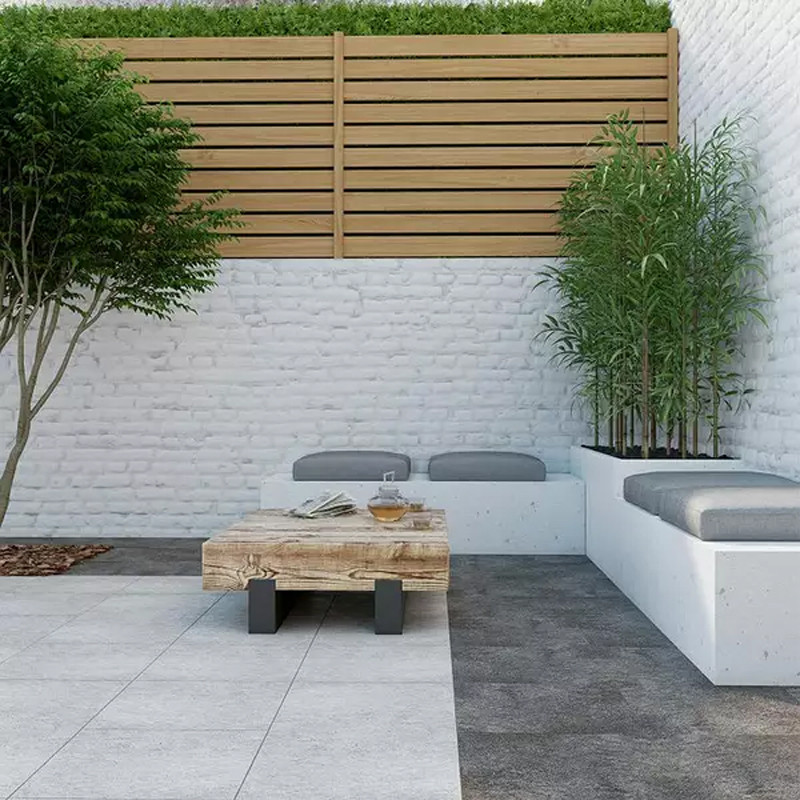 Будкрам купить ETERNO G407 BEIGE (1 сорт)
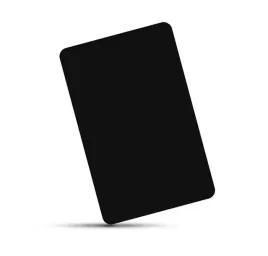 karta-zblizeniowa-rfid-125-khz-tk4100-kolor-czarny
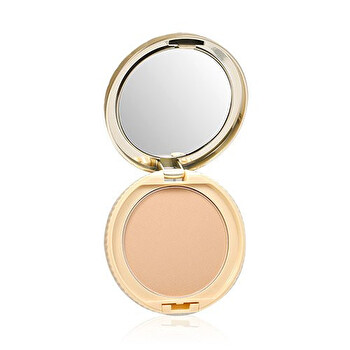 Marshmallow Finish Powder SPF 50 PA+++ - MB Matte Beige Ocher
...
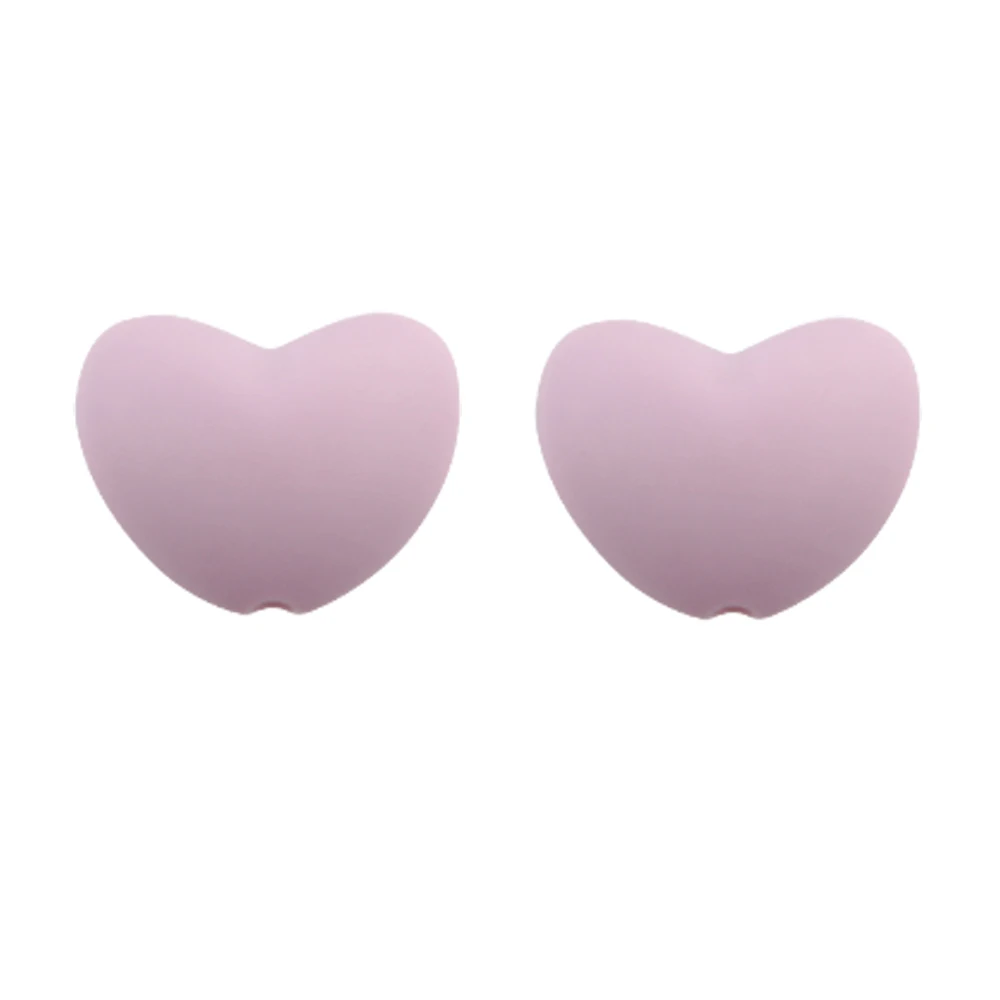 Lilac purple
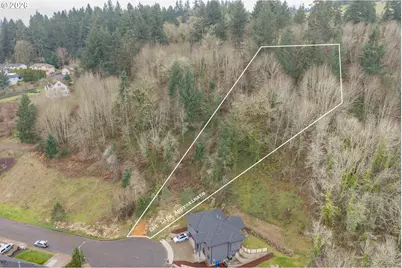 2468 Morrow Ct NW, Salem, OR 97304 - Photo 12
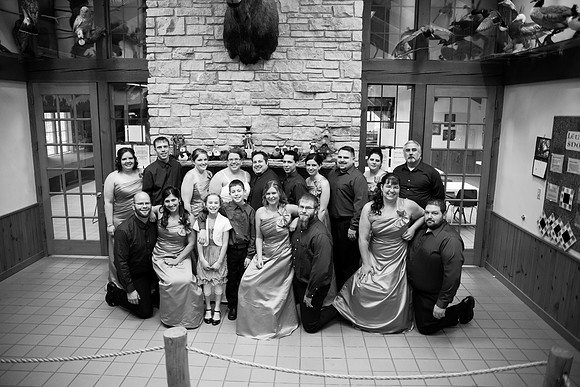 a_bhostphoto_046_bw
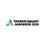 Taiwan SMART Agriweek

### WHAT IS BEING ASKED
From the records above, extract the lines from the one holding "Будкрам купить ETERNO G407 BEIGE (1 сорт)" through the one holding "Marshmallow Finish Powder", word for word; omit the pictures.

### RESPONSE AREA
 Будкрам купить ETERNO G407 BEIGE (1 сорт)
 karta-zblizeniowa-rfid-125-khz-tk4100-kolor-czarny
 Marshmallow Finish Powder SPF 50 PA+++ - MB Matte Beige Ocher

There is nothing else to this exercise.